Sonic Youth "Simon Werner A Disparu - Original Enregisterment Sonore"

E’ sempre fonte di eccitamento una nuova uscita su etichetta SYR, proprio perché i padroni di casa ci hanno abituato a grandi esperimenti musicali, ben aldilà del rendiconto finanziario. Parallelamente alla loro parvenza di pecore nere del circuito mainstream (è anche vero che hanno risolto il contratto con Geffen pur di tornare indipendenti) queste 4 icone newyorkesi hanno messo mano alle ipotesi più stravaganti, andando anche a scomodare compositori e minimalisti classici nel doppio Goodbye 20th Century. Detto questo ‘Simon Werner A Disparu’ vede un ritorno al formato colonna sonora, dopo il bell’esperimento ‘Made In USA’ (e l’altrettanto ricercato ‘Demon Lover’) . Il disco rispecchia l’animo più sognante della band, le loro profezie strumentali sono avviluppate in un mantra psichedelico, sempre e comunque intellegibile, grazie alla batteria di Steve Shelley che offre le opportune garanzie in termini di apporto ritmico.

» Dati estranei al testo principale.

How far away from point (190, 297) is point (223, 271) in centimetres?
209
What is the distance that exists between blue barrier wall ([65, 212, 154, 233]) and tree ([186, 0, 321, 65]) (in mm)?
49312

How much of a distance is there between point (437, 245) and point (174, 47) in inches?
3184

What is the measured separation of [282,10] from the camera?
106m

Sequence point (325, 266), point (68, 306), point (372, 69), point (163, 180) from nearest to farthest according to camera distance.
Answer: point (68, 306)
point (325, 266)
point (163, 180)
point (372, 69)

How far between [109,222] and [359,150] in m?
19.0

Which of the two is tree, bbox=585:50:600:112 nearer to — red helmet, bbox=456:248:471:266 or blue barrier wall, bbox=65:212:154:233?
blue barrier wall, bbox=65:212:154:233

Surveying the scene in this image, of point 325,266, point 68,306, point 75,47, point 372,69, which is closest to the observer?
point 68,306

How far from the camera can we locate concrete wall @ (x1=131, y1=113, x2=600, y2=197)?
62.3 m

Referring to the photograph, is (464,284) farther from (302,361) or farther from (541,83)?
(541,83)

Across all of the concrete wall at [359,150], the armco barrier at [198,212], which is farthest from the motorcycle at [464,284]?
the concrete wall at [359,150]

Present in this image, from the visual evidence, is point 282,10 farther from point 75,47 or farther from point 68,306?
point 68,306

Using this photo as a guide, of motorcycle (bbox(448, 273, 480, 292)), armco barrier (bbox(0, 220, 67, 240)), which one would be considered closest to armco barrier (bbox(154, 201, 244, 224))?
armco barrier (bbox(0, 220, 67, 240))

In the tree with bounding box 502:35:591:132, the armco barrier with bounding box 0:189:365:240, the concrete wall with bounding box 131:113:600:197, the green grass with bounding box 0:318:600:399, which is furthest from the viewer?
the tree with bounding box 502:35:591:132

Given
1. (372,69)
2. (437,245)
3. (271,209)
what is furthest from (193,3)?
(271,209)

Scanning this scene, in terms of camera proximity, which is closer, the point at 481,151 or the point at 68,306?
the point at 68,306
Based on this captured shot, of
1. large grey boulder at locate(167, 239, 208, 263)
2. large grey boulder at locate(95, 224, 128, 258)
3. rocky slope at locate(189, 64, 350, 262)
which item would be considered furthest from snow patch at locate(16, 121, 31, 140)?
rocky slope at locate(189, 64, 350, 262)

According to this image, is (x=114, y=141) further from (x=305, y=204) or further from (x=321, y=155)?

E’ un disco che torna anche sugli aspetti virtualmente meno pop dei Sonic Youth, che con l’ultima fatica da studio - The Eternal per Matador - avevano forse mostrato un pochino la corda. Nessuna paura, il fascino di questa opera – immortalata presso il personale Echo Canyon West studio di Hoboken, New Jersey – rispecchia in pieno l’ immagine del cineasta francofono Fabrice Gobert. Concepito scientificamente in un paio di settimane, lo score ha visto i Sonic Youth elaborare i brani sulla stessa lunghezza d’onda delle immagini, provando un collante credibile, gestito grazie ai miracoli del multitracking. La prima del film è stata data nel maggio del 2010 durante il festival del cinema di Cannes, premessa ad un successo ai botteghino maturato nel corso di questo autunno, nel paese d’origine. Nell’attesa che il film venga distribuito nel resto d’Europa, rimane questo biblico pezzo d’arte moderna, firmato in calce da Thurston Moore e soci.